- 2/1/2004
- Snyder et al
- Public Library of Science Biology
Restoring p53 protein function in mouse cancer models eliminates tumors and increases survival of the animals, according to a new study. Because a p53 mutation is one of the most common events in the development of cancer, the results could have implications for a wide variety of tumors.
Cancer often begins with mutations in tumor suppressor pathways. Tumor suppressor genes—such as p53—arrest cell growth and induce apoptosis (programmed cell death) in response to cellular stress, such as chromosomal damage. Cells with p53 mutations can escape these constraints, leading to the uncontrolled growth characteristic of “immortal” cancer cells. Nearly all types of tumors have mutations in the p53 pathway, many of them in the p53 gene itself.

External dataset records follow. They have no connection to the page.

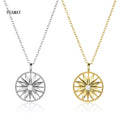 FUAMAY 925 Silver Octagram Star Pendant Necklace Adjustable Rope Chain with Zircon Stone for Wedding or Gift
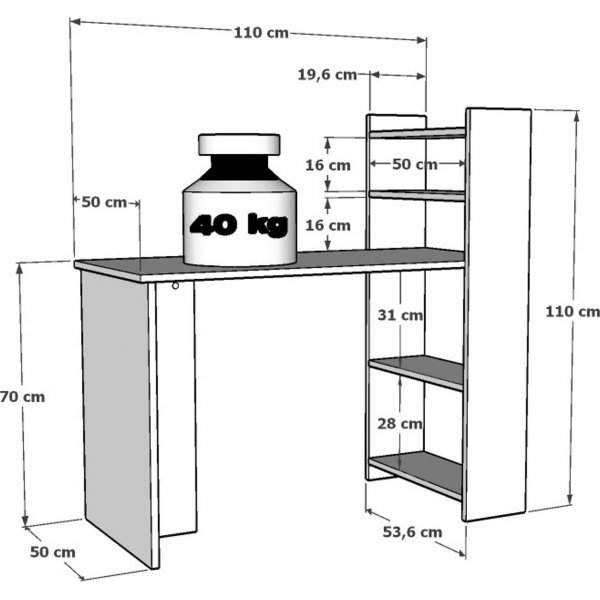 Enna kirjoituspöytä 110 x 50 cm - Pähkinä/valkoinen Enna kirjoituspöytä 110 x 50 cm - Pähkinä/valkoinen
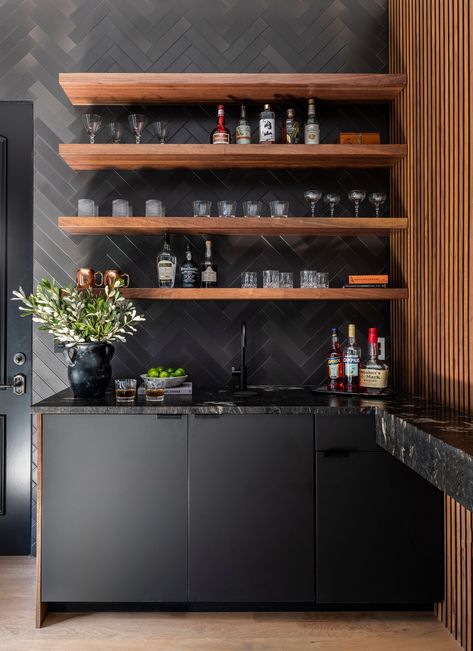 Black Marble Bar Counter, Contemporary Bars For Home, Black Cabinet Bar Ideas, Black And Wood Bar, Moody Home Bar, Dark Tile Backsplash, Black Home Bar, Dark Moody Home, Bar With Floating Shelves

Steven Dowdy, of the University of California at San Diego, and colleagues introduced modified p53 peptides (parts of the protein) into cancer cells. p53 works as a “transcriptional” activator that binds to specific gene sequences and triggers apoptosis in response to DNA damage. One region of the p53 protein, the C-terminal domain, facilitates DNA binding. In cancer cells, synthesized peptides (called p53C’) derived from this region can induce apoptosis by restoring function to p53 proteins with DNA-binding mutations.
To get p53C’ peptides into cancer cells, the scientists used a technique pioneered by Dowdy that delivers proteins into the cell interior. Testing the effectiveness of the peptide therapy on mouse strains that model human metastatic disease, the scientists found that mice treated with the p53C’ peptide showed a reduction in tumor mass and lived six times longer than mice treated with a control peptide or untreated mice, with some animals remaining disease-free more than 200 days after treatment.
The research was published in the February 2004 issue of the Public Library of Science Biology.